(Beginning of Study material)
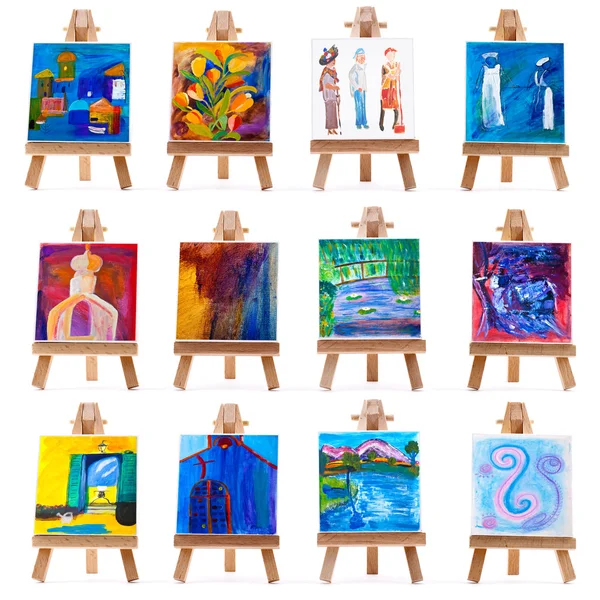 Twelve mini paintings on easels isolated on white — Stock Photo, Image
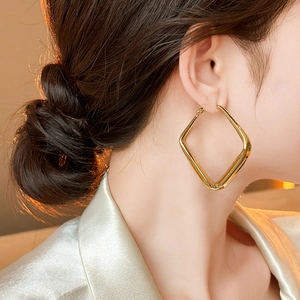 Modern minimalist large geometric square hoop earrings in golden metallic finish on model
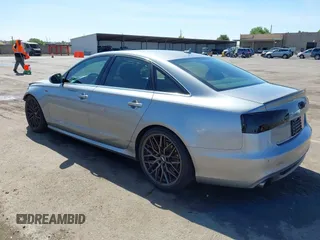 2013 Audi A6 Prestige z VIN WAUJGAFC2DN088630, wystawiony jako IAAI lot #42272569 z przebiegiem 110 324 mil mil oraz . Historia ofert i sprzedaży dostępna na DreamBid. Obrazek 3.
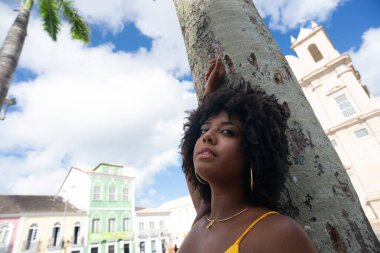 Afro saçlı, sarı elbiseli, fotoğraf için poz veren güzel siyah kadın kilise arka planında hindistan cevizi ağacı gövdesine yaslanıyor. Mutlu gülümseyen kişi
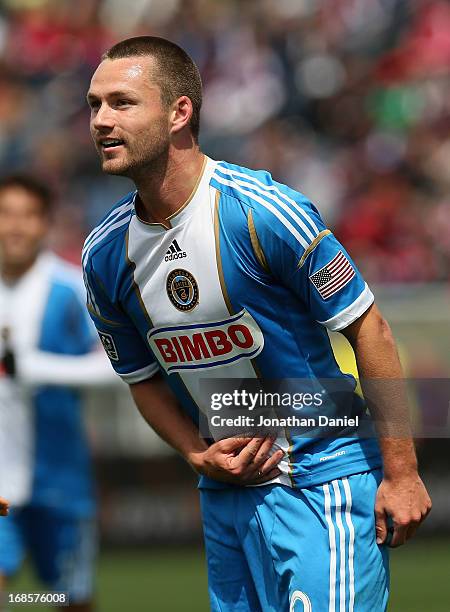 Jack McInerney of the Philadelphia Union takes a bow after scoring the game winning goal against Chicago Fire during an MLS match at Toyota Park on...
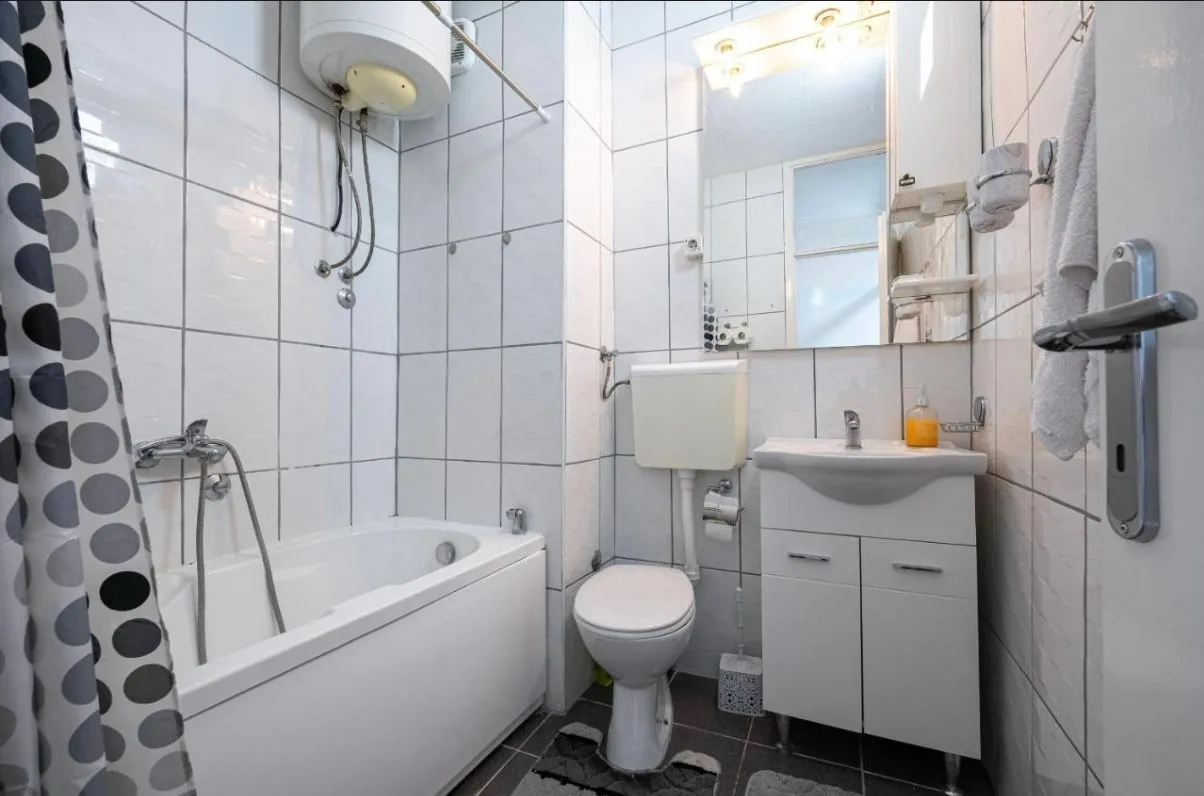Small bathroom with a bathtub, sink, and toilet.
(End of Study material)
◆ What you are asked to do:
Output exactly, and only, the lines running from the line containing "2013 Audi A6" to the last line of the entries above, omitting the pictures.

◆ Exercise result:
 2013 Audi A6 Prestige z VIN WAUJGAFC2DN088630, wystawiony jako IAAI lot #42272569 z przebiegiem 110 324 mil mil oraz . Historia ofert i sprzedaży dostępna na DreamBid. Obrazek 3.
 Afro saçlı, sarı elbiseli, fotoğraf için poz veren güzel siyah kadın kilise arka planında hindistan cevizi ağacı gövdesine yaslanıyor. Mutlu gülümseyen kişi
 Jack McInerney of the Philadelphia Union takes a bow after scoring the game winning goal against Chicago Fire during an MLS match at Toyota Park on...
Small bathroom with a bathtub, sink, and toilet.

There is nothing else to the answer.